* [AVAILABLE DATA]
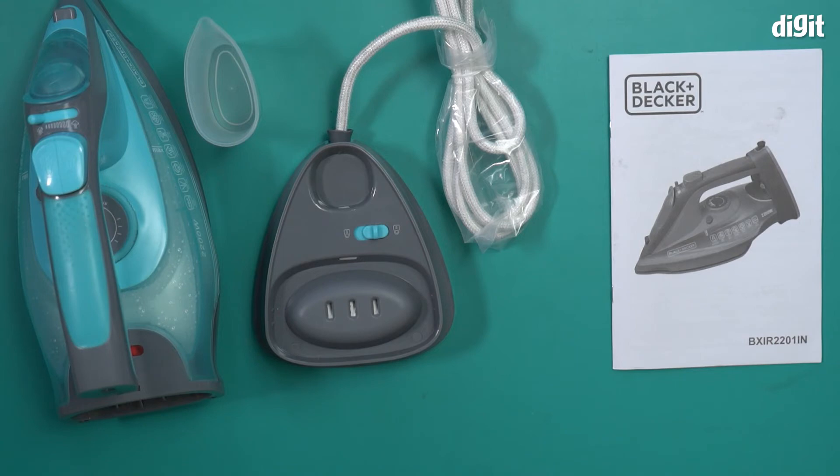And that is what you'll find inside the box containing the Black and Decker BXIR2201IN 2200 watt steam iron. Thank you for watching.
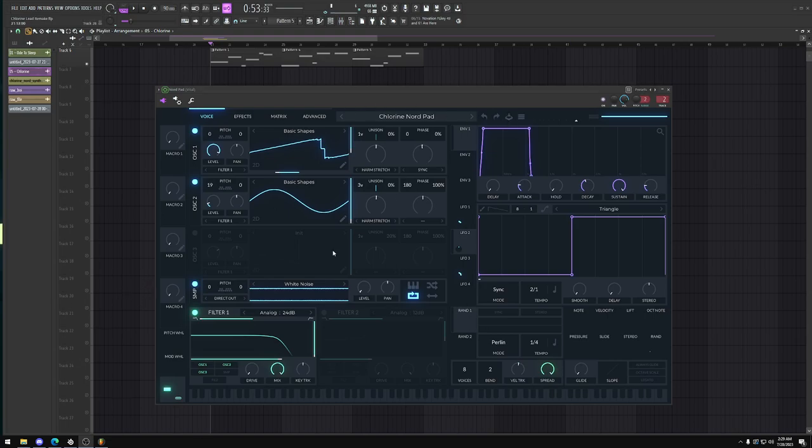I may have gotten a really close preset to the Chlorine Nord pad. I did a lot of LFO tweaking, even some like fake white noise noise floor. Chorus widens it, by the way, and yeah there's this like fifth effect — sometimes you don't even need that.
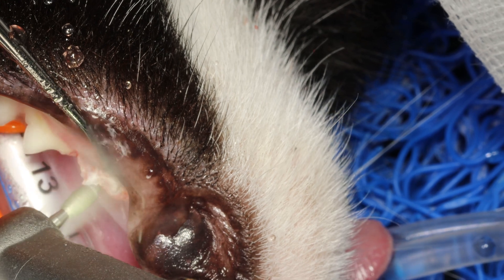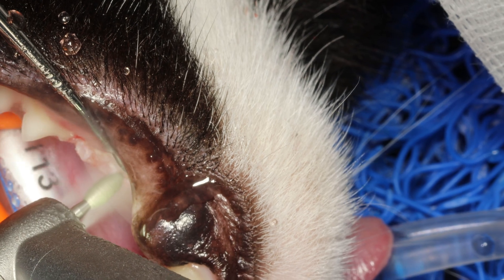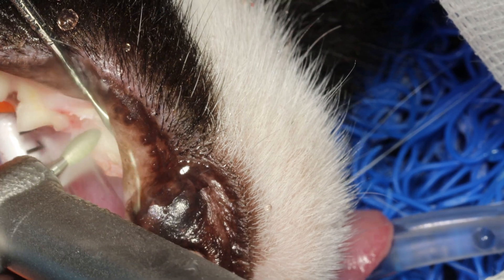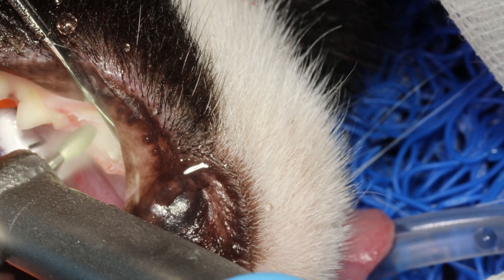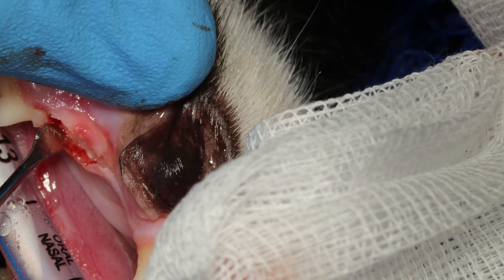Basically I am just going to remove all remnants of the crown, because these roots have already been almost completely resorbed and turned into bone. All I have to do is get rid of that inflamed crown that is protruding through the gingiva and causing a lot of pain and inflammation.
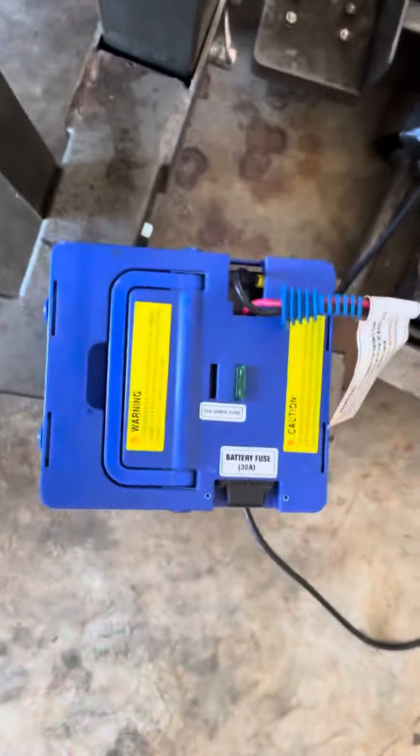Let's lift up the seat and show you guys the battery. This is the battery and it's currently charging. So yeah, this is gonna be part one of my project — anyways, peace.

* * *

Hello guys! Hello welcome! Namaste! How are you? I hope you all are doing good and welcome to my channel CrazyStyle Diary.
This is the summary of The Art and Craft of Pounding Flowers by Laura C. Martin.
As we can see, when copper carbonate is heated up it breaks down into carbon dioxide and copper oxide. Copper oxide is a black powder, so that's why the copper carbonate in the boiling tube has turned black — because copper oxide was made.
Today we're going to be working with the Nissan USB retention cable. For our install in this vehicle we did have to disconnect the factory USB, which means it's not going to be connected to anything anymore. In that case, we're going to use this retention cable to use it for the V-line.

---

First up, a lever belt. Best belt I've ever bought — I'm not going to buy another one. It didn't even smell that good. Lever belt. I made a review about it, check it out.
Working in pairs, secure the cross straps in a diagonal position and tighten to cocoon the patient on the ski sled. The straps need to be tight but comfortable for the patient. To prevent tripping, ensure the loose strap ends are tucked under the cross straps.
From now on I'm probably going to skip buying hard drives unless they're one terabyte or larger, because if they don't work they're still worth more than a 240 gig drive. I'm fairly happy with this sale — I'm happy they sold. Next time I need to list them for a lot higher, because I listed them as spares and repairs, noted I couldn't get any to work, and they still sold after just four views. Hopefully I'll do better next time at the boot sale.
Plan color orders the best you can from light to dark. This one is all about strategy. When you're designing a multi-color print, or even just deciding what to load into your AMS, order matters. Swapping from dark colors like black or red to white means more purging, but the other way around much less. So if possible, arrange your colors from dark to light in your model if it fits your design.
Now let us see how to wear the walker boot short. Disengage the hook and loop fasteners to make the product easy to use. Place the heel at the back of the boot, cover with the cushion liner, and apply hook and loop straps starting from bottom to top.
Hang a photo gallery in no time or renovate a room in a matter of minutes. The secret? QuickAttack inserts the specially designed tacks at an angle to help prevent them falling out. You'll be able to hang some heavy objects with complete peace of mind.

* [EXERCISE DESCRIPTION]
In the records above, each line with the string "made" should be copied.

* [WRITTEN REPLY]
As we can see, when copper carbonate is heated up it breaks down into carbon dioxide and copper oxide. Copper oxide is a black powder, so that's why the copper carbonate in the boiling tube has turned black — because copper oxide was made.
First up, a lever belt. Best belt I've ever bought — I'm not going to buy another one. It didn't even smell that good. Lever belt. I made a review about it, check it out.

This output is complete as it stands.